John Robinson, TExas AgriLife Extension cotton marketing specialsit, expects no cotton rallies.
Robinson said he could envision a conspiracy theory in which a Chinese bureaucrat starts thinking about all that cotton and decides to sell two to four million bales. “That would be a surprise. The world price would come down and the futures market would come down.”
He said the downside risk would be “at least 10 cents a pound.”
He doesn’t anticipate that happening. “Inertia rules the day. Doing nothing is the easiest thing to do.” China may be hoping that a short crop somewhere will open up a market and they can replace the entire shortage with their stockpile. A drought in India could be such a catalyst.
Even with a catastrophic crop year somewhere, China’s stockpile filling the gap would put a cap on upside price movement.
All those factors together support Robinson’s contention that cotton prices will continue to move in a sideways pattern—70 cents to 80 cents—with downside risk. “The futures market has been signaling that. That downside risk is at least 10 cents.”
Even with little hope for a rally, he expects U.S. acreage to increase in 2014, especially in Texas. Weakening grain prices will be a significant factor, and Texas could plant from 500,000 to 750,000 more acres, which could push U.S. acreage to 11 million, “even though it’s still dry in the Southwest. But prospects look better.”
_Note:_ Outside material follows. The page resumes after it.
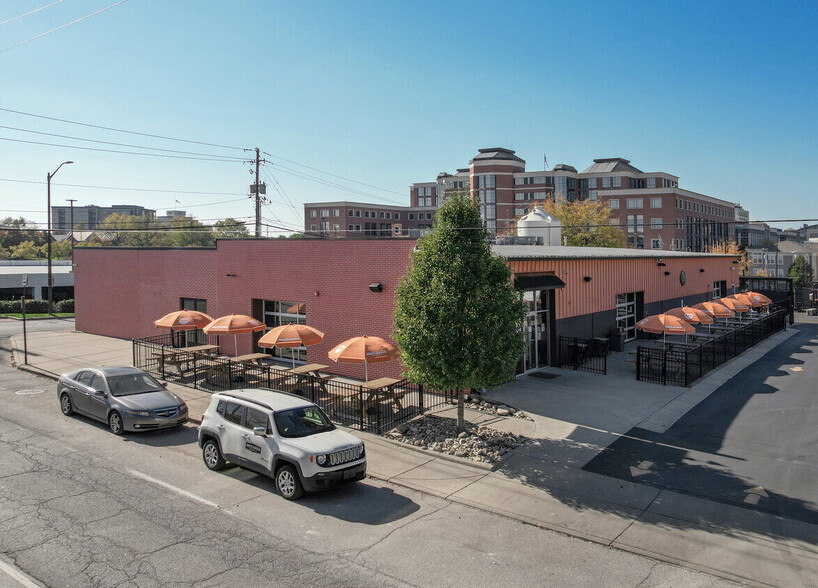 More Photos Of 140 S College Ave, Indianapolis General Retail For Lease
He said with a normal abandonment, harvested would come in at about 9 million acres and production would run about 16 million bales. Export would take about 9 million bales, 1 million less than usual as China uses more of its own production. That leaves 6.4 million bales of ending stock, “double the preceding year. With a stocks-to-use ratio of 50 percent, price weakness could follow. So, I am not bullish. Expect no rally.”
He said farmrs could consider forward pricing, hedging, and options to protect some price. He also urged farmers to consider all the tools available to them—insurance, futures, options, and pools—in various combinations to find a strategy to protect against downside risk. He said options have been relatively cheap and provide price protection.
He also noted that the new programs available in the farm bill may move coverage up. “This is a new world with insurance and risk management,” he said.
He also recommended farmers look at their production costs and if they can forward price part of their crop to protect price early, they should consider it. “Don’t hedge the entire crop, just some of it,” he said.